- [Exercise prompt]:
Would you transcribe the records below from the line with "HIGH PROTEIN WRAPS" to the line with "En imágenes: Primera", ends included, exactly and with nothing more, leaving the pictures out?

- [Input material]:
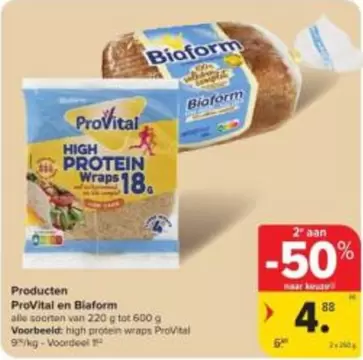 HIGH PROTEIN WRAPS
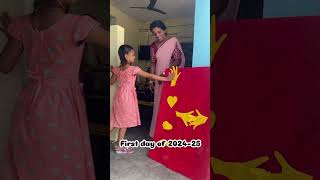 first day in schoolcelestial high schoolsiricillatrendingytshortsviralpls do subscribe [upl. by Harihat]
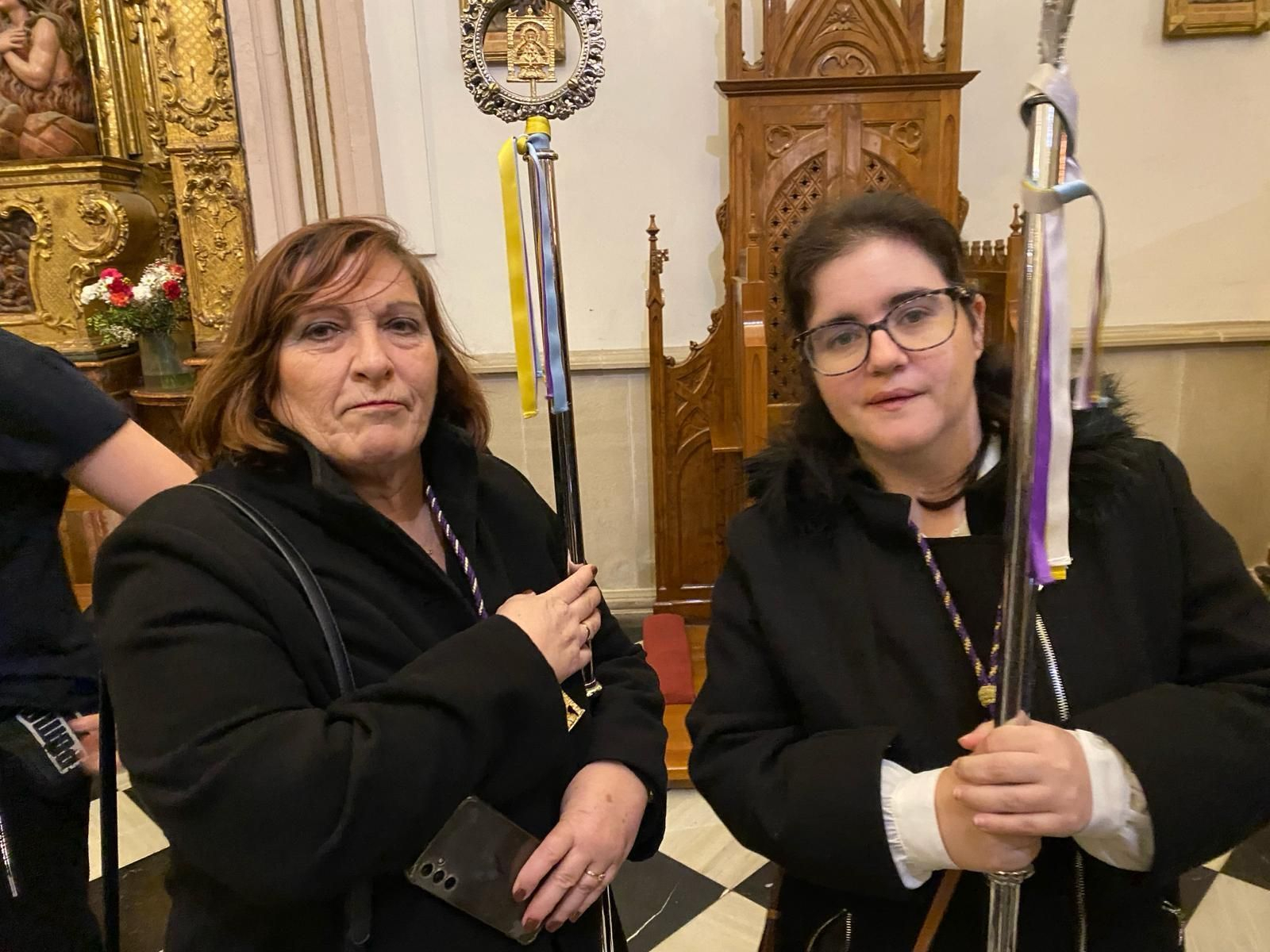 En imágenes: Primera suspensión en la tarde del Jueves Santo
* * *
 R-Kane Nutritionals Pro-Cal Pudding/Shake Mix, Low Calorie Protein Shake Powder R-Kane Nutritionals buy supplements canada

- [Finished exercise]:
 HIGH PROTEIN WRAPS
 first day in schoolcelestial high schoolsiricillatrendingytshortsviralpls do subscribe [upl. by Harihat]
 En imágenes: Primera suspensión en la tarde del Jueves Santo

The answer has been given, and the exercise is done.